UMN Shepherd Laboratory Renovation
This project turned a once-drab 1970s-era building into an airy and naturally lit home for the University of Minnesota’s robotics program. The project consisted of renovating three floors totaling 25,000 sq. ft., with the addition of a new exterior entrance. The project included new robotics research laboratories, solar vehicle research areas, a drone lab, teaming rooms, and conference areas. The 20,000-square-foot renovation overhauled the first and second floors of the five-story building with the goal of creating new work areas and nine flexible labs for robotics faculty and graduate students. During construction, floors three through five remained occupied with science and engineering programs.

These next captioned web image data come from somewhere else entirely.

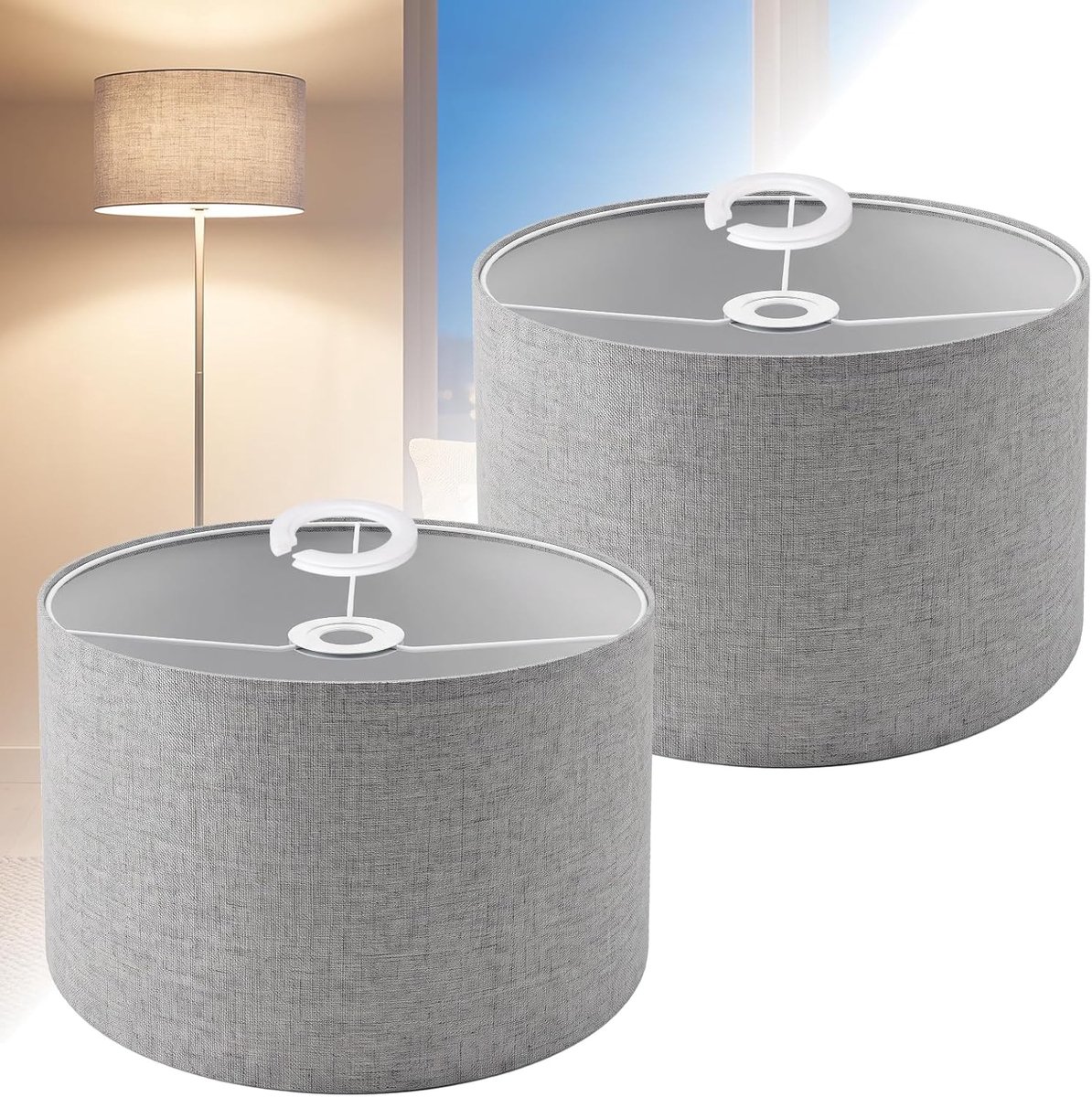 Lampenkap stof H20 x Ø 30 cm - grijs linnen - cilindervorm - perfect voor staande lamp - ShopVlot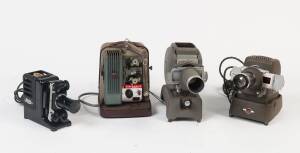 A group of nine vintage projectors. The group including two Leitz slide projectors and a nice Gem Pathescope.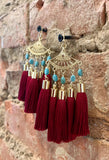Scarlet Tassel Earrings with Brass Fan & Genuine Turquoise Magnesite Oval Stones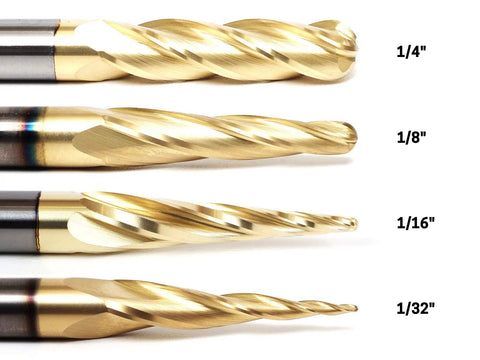 Tapered Endmill Ball Nose Router Bits Set for CNC Engraving Pro Grade Solid Carbide Spiral Cutters with 1 Quarter Inch Shank 1 Inch Cutting Length Includes 3 and 4 Flute Bits Multi Axis Carving ZRN Coated
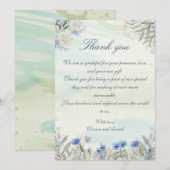 水彩ブルーワイルドフラワー結婚ズサンキューカード サンキューカード (正面/裏面)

The improvements to the laboratory spaces allow for unprecedented innovation and collaboration among students, staff, and researchers. The drone laboratory is the first of its kind on a collegiate campus. A prominent architectural feature of the project, the drone lab is an exciting addition to the University that will allow for the advancement of technology and further engagement of students and staff. The Patrick J. Starr Solar Vehicle Project Laboratory brings the university’s famous solar car project to the forefront with a new drive in workshop with glass walls along the public interior corridor allowing observers a firsthand look. Knutson employed University of Minnesota students on the project as interns allowing for a hands-on learning experience and important relationship building with project stakeholders on their own campus.

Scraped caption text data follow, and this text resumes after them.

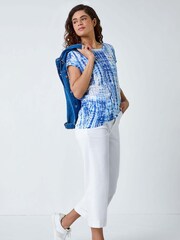 Roman Blue Textured Tie Dye Cocoon Top - Image 2 of 5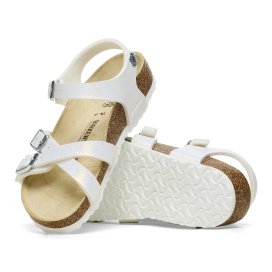 Birkenstock Sandalo Bambino Kumba Kids shiny lizard white, Birko Flor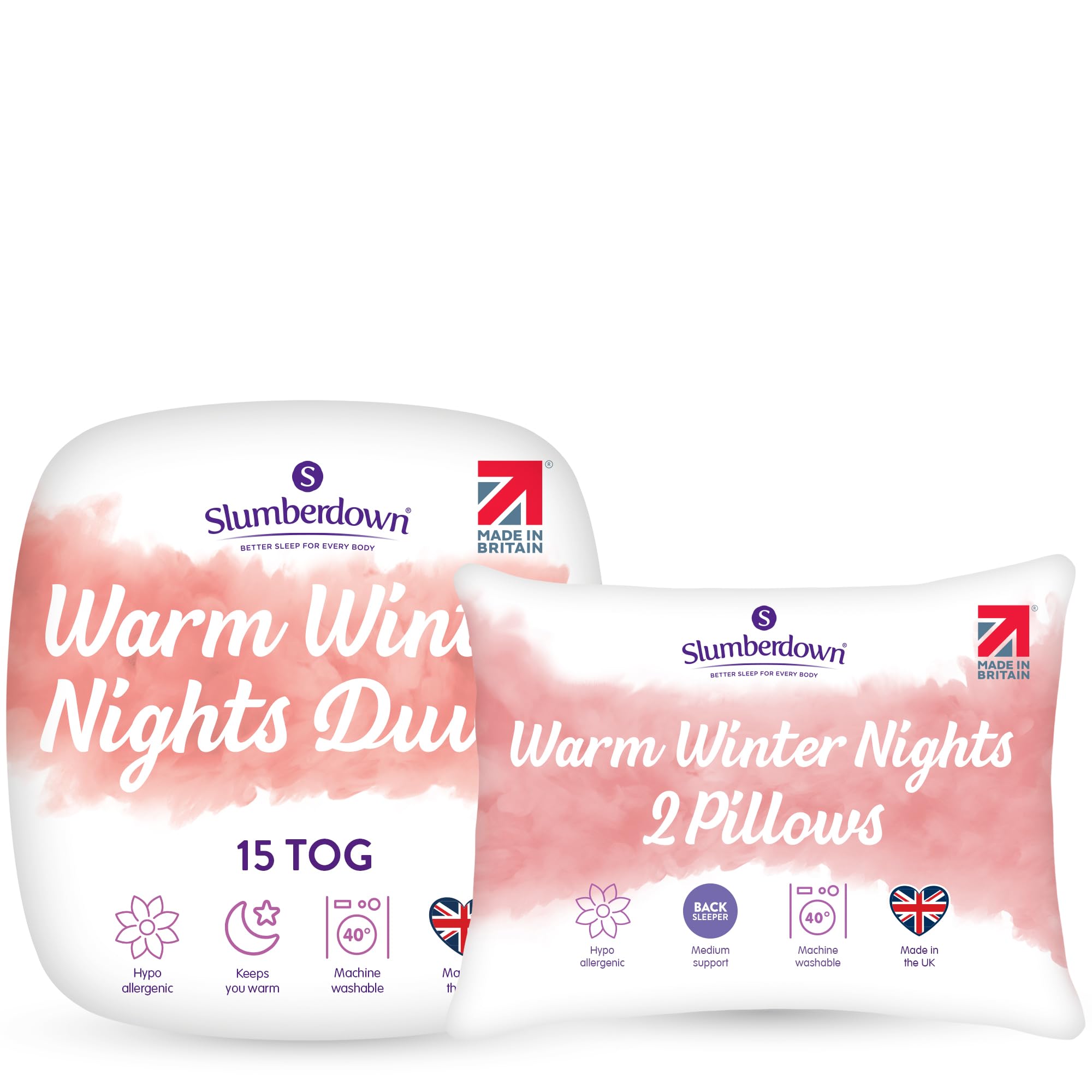 Slumberdown Warm Winter Nights Double Duvet 15 Tog & 2 Pillows - Extra Thick & Cosy Quilt ...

Green & Sustainability Aspects
The architect has a sustainability design goal of B3 and minimizing energy consumption was a key objective for the University. Examples of the project’s sustainable features include:
+ Controlling mechanical equipment run times and air flow
+ Using ENERGY STAR equipment
+ Using occupancy sensors and monitors on HVAC and lighting systems
+ Using individual classroom controls
+ Adding and replacing windows for energy efficiency and to utilize more natural light
+ Replacing radiant heating system to insulating the building envelope to improve efficiency
Knutson was able to divert 88.58% from landfills through recycling programs. Special considerations were made with the material selection and construction of this project to minimize the need for future renovations and rebuilding ensuring it would last for generations to come.
Unique Project Features
+ First of its kind two-story drone flying laboratory with a 35-foot tall ceiling allows for researchers to test fly drones inside the building and allows spectators to watch from the second-floor observation areas through storefront-like windows.
+ Flexible collaborative workspaces encourage innovation between user groups
+ Writable walls and movable furniture
+ Glass walls that invite observers to view ongoing research inside the laboratories and create an open feel.
Challenges and Solutions
During construction, levels 3-5 of the building were occupied by researchers. Knutson had to ensure that construction dust and debris did not encroach on the areas where research was being conducted. The team also needed to provide a clean entry/exit to the building so that dust would not track onto other floors. Noise and vibration constraints also needed to be enforced in order to not disrupt research and very sensitive equipment.
To mitigate these risks, we installed vibration sensors to ensure we were not exceeding the threshold that would negatively impact equipment and research. We also implemented a texting hotline that was communicated with flyers and newsletters placed throughout the building that so that occupants could use it to inform the crews of any cleaning concerns throughout the duration of the project.